*Task prompt*
Once the line with "Bếp từ âm 2 vùng nấu Faber FB 2IG" is reached, output it and every line after it, exactly, through the end of the records below. Pictures are skipped.

*Extracted entries*
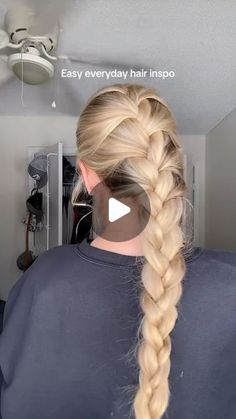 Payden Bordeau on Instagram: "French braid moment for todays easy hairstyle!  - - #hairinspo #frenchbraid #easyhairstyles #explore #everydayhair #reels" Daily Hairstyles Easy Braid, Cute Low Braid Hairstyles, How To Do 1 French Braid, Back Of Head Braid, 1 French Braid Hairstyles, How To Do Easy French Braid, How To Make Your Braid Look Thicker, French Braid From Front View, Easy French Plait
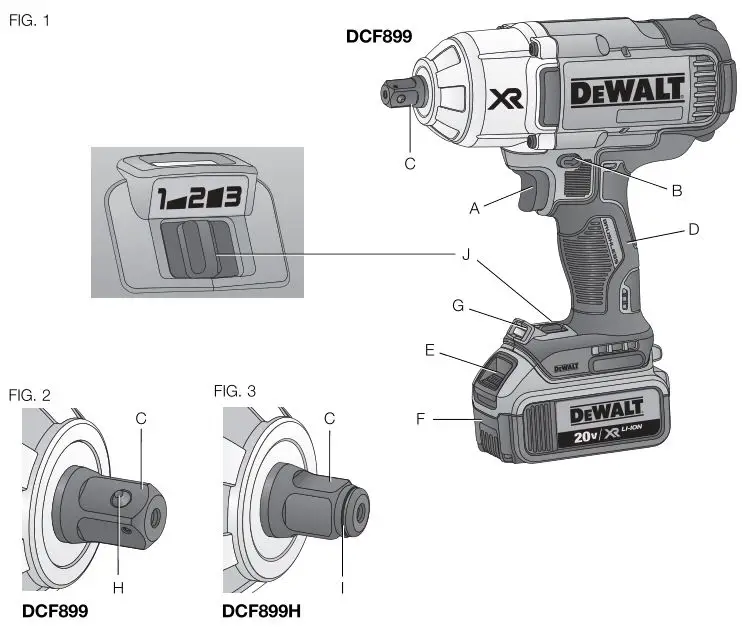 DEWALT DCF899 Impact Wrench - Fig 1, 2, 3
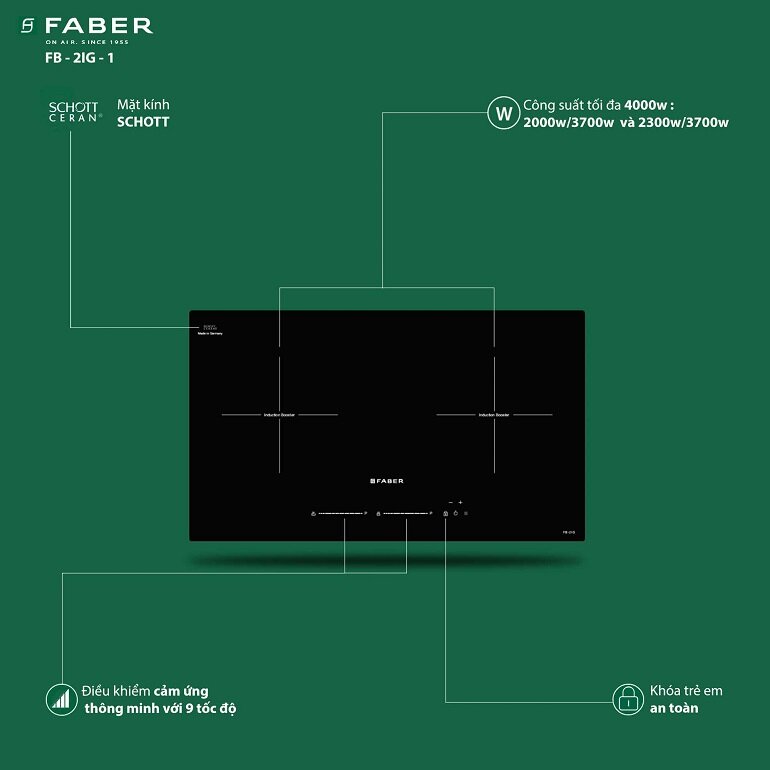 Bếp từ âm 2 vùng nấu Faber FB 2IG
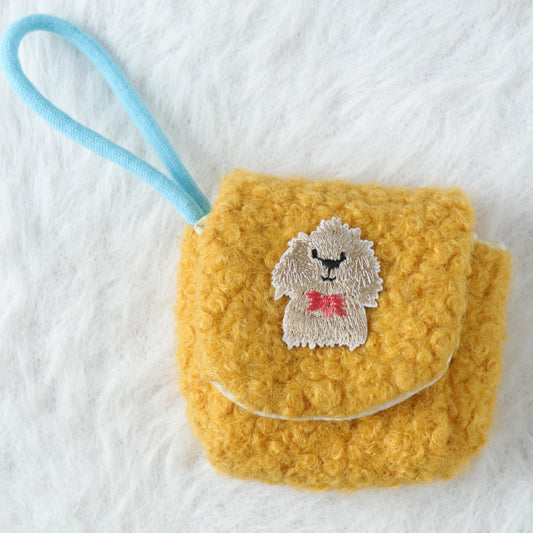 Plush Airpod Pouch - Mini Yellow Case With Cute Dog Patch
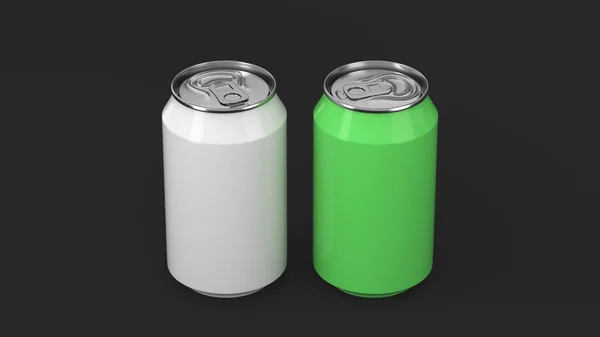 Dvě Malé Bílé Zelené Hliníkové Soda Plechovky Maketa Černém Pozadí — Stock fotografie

*Output below*
 Bếp từ âm 2 vùng nấu Faber FB 2IG
 Plush Airpod Pouch - Mini Yellow Case With Cute Dog Patch
 Dvě Malé Bílé Zelené Hliníkové Soda Plechovky Maketa Černém Pozadí — Stock fotografie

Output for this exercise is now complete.